From pv magazine 08/2022
In PERC (passivated emitter rear cell) solar manufacturing, a passivation layer is applied to the rear side of the cell to improve stability. Then small “pockets” need to be opened up in this layer to allow more light to reach the active cell surface, and increase its conversion efficiency.
As PERC manufacturing grew, lasers fast became established as the quickest and most accurate way to complete this step. Processes have developed to keep up with rising throughput expectations and minimized handling, and more recently to adapt to larger cell formats. “Besides making sure that the machine itself is large enough to handle a 210 mm wafer, the major challenge is to retain or further improve the throughput,” says Thomas Kießling, senior product expert at laser processing specialist 3D-Micromac. “System suppliers have played their part in improving the speed of the scanner, and this is crucial in making sure that larger wafer sizes (M10, G12) can be processed with the same throughput as previously smaller wafers (M2-M6).”
Speeding up of the laser scanner has been coupled with on-the-fly processing innovations and other machine level improvements to keep throughput moving in the right direction in the last few years. State of the art throughput for LCO machines in the market today is up to 7,000 wph, with an available scanner speed of more than 60 m/s, more than double the speed of what was available just a few years ago.
Using an optical element to split a laser into multiple beams is one strategy to increase throughput further, and recent research from Germany’s Fraunhofer ISE demonstrated an approach that could push LCO throughput as high as 15,000 wph, keeping it well ahead of most other production stages.
Called polygon scan technology, the approach integrates a mirror wheel which can move the laser beam over the cells at a rate of 1,000 m/s, around 20 times faster than modern production tools. With the laser set to run at this speed, the challenge is to build a machine and a process that can maintain the precision to open up contacts in an exact pattern measuring just a few microns. “We had a prototype of the polygon scanner in our lab, and we saw that it was fast and had huge potential,” says Fabian Meyer, head of laser system development at Fraunhofer ISE. “The problem was when we put this into a machine, the overall processing didn’t become that much faster because there was still the handling.”
By working with an on-the-fly process, where cells move through the machine on a belt and are lasered without stopping, Meyer’s team was able to push the throughput much higher, with no loss in efficiency compared to cells processed on industry standard tools. “We are developing sensor technology designed specifically for the new system in order to achieve the required positioning accuracy despite the high speed,” says Meyer.
In 2022, however, the move away from PERC cell technology is gathering pace, and for now the cell designs they are turning to – primarily tunnel oxide passivated contact (TOPCon) and heterojunction (HJT) – don’t require an LCO step in their production.
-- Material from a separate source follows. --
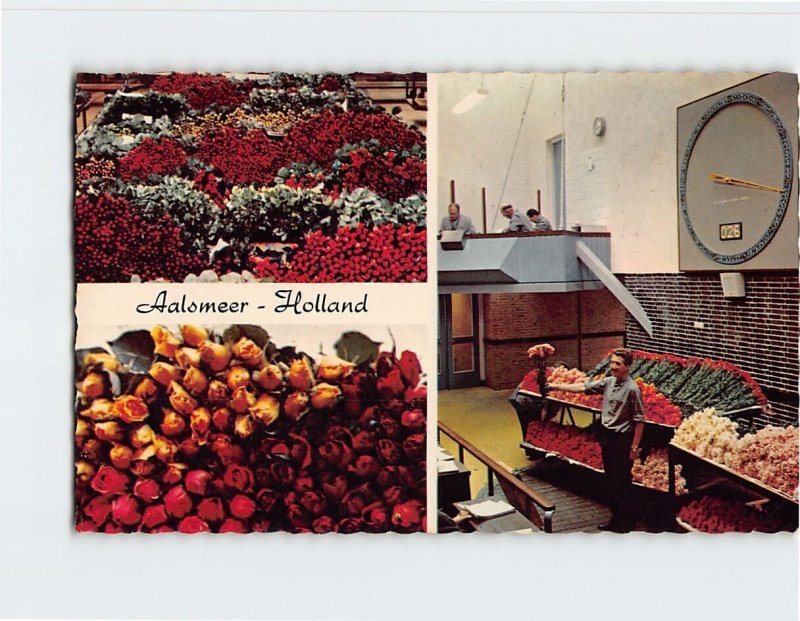 Postcard Interior flower auction, Aalsmeer, Netherlands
And while processes like Fraunhofer ISE’s might be able to demonstrate a cost advantage from increased throughput, or even better cell quality thanks to reduced handling, its unlikely that existing PERC manufacturers would be looking to upgrade.
3D-Micromac says it stopped the development of its LCO equipment in 2018, when competition from lower cost Asian equipment suppliers pushed it out of the market. So, for now it may be that there is limited market opportunity for any new LCO technology. On the research and development side, however, Meyer sees plenty of reason to continue investigating industrial laser processes for PV.
Reducing or eliminating silver from cell manufacturing is a key area of focus for scientists working in PV. This might entail new approaches to cell contacting and metallization, and many of the methods investigated here would again need an LCO step. “We see a huge part of the cell market that is trying to avoid silver,” says Meyer. “And there are two approaches gaining ground, both of which could make good use of a high speed LCO step.”
Meyer explains that replacing silver metallization with copper may also require LCO to open the passivation layer before plating contacts on top. And another approach where manufacturers are looking at creating aluminum pastes for both sides of a cell would likely need an LCO step. “There are also other laser processes which aren’t exactly contact opening but are aiming to improve the formation of contacts,” Meyer says. “It’s definitely an important research topic.”